═════ Given entries
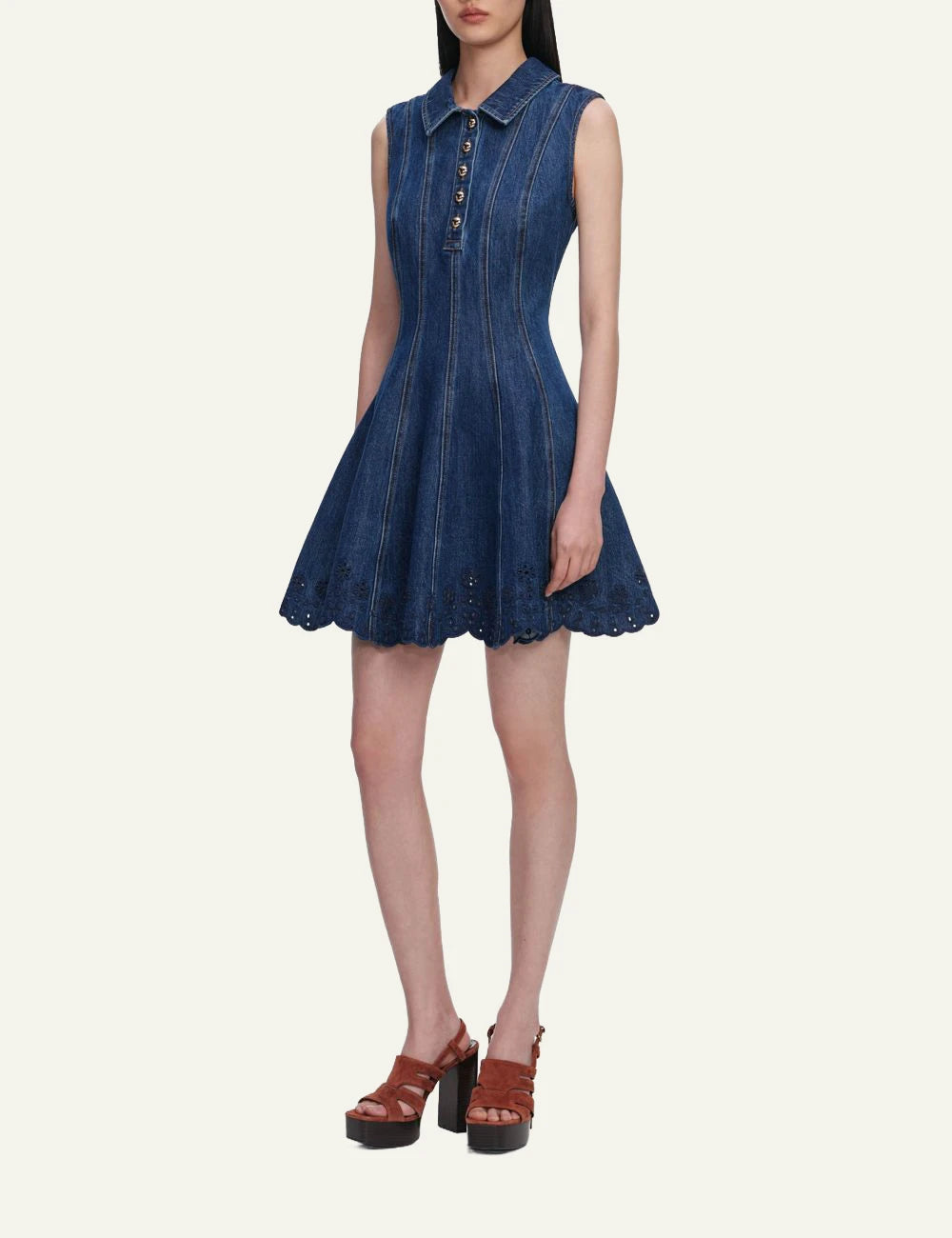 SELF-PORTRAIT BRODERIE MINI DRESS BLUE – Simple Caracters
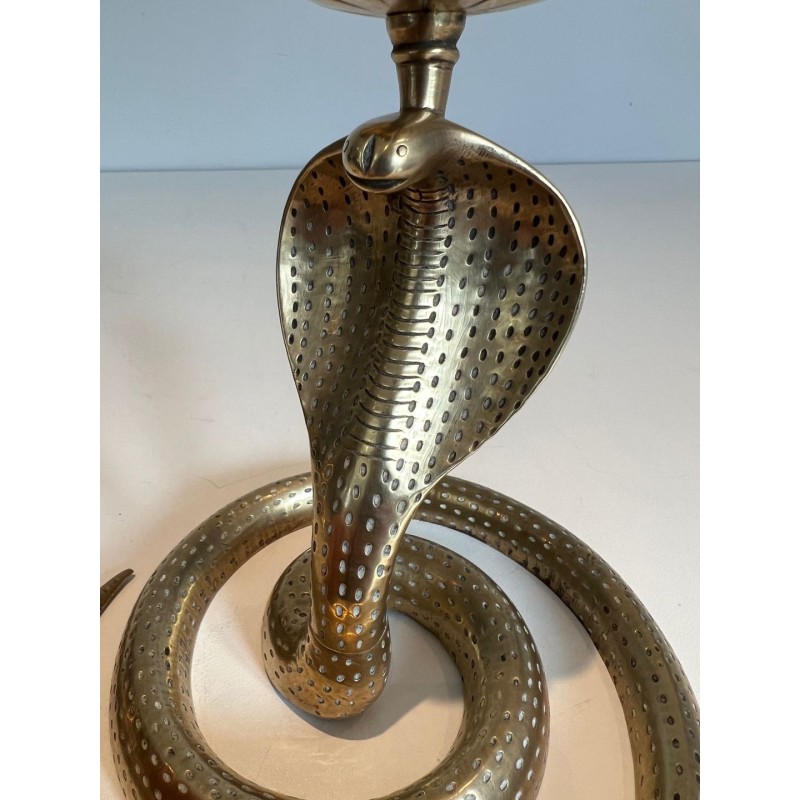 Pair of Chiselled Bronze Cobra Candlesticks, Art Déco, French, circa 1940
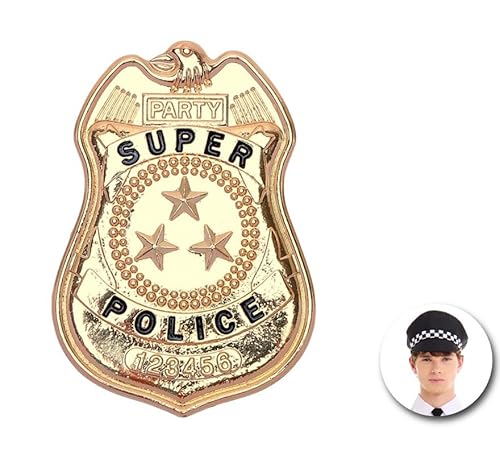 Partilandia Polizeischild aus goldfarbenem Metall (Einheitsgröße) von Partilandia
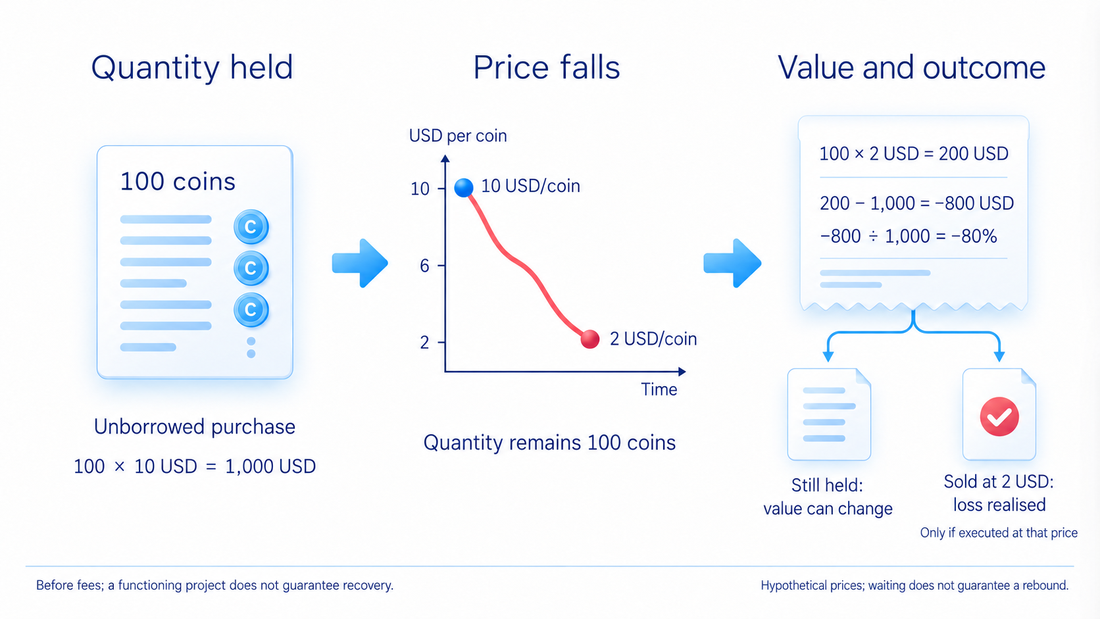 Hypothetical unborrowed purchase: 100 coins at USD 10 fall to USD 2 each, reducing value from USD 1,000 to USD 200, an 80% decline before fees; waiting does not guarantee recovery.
══════════
═════ Given entries
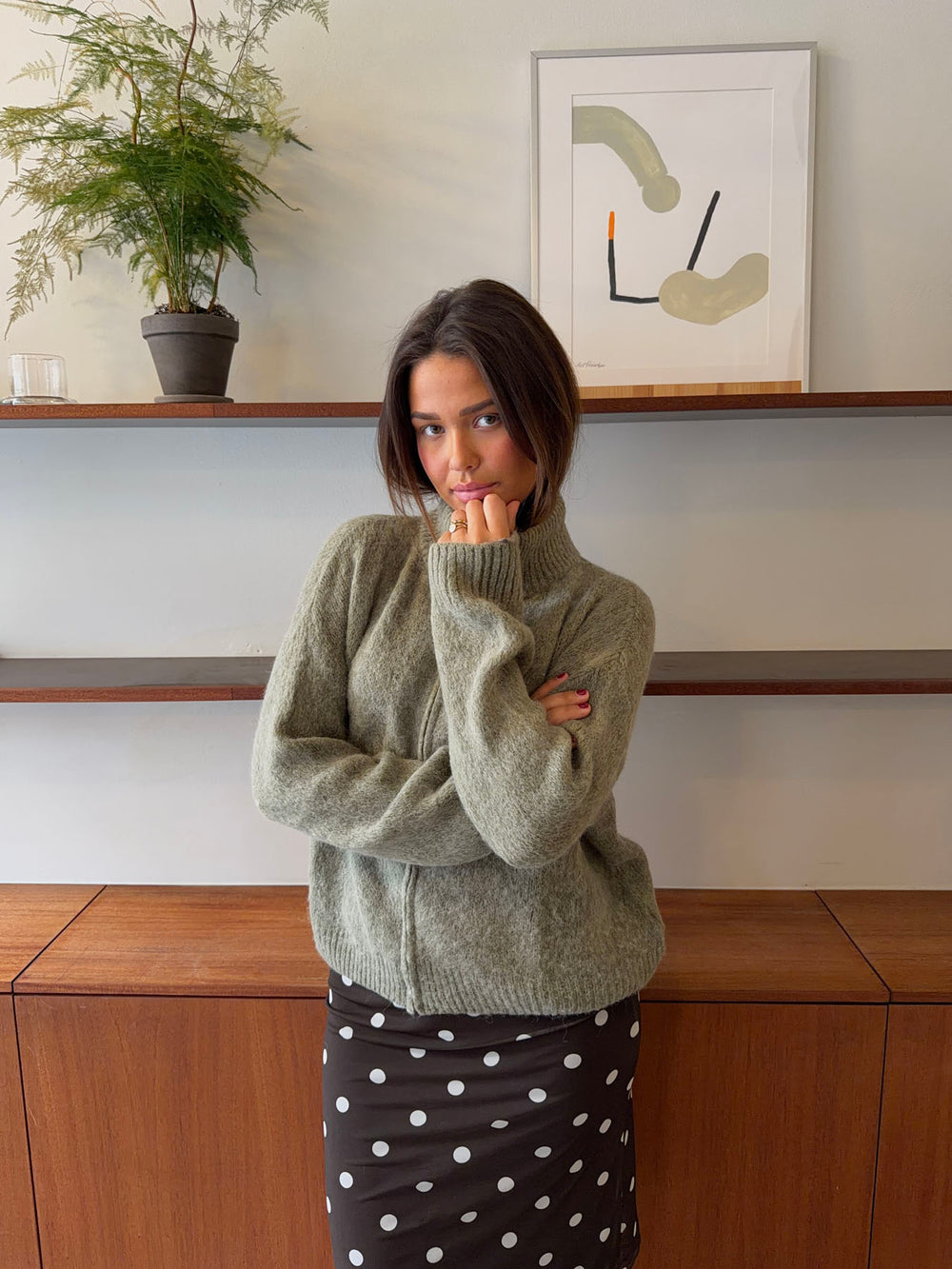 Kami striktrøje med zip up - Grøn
══════════
═════ Given entries
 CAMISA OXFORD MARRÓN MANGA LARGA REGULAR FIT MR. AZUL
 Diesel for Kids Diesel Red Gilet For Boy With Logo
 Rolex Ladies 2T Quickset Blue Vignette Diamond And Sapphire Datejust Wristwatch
══════════
Within the listing above, find the line containing "SELF-PORTRAIT BRODERIE MINI" and the line containing "Hypothetical unborrowed purchase: 100". Transcribe them and everything between them exactly, leaving out the pictures.

 SELF-PORTRAIT BRODERIE MINI DRESS BLUE – Simple Caracters
 Pair of Chiselled Bronze Cobra Candlesticks, Art Déco, French, circa 1940
 Partilandia Polizeischild aus goldfarbenem Metall (Einheitsgröße) von Partilandia
 Hypothetical unborrowed purchase: 100 coins at USD 10 fall to USD 2 each, reducing value from USD 1,000 to USD 200, an 80% decline before fees; waiting does not guarantee recovery.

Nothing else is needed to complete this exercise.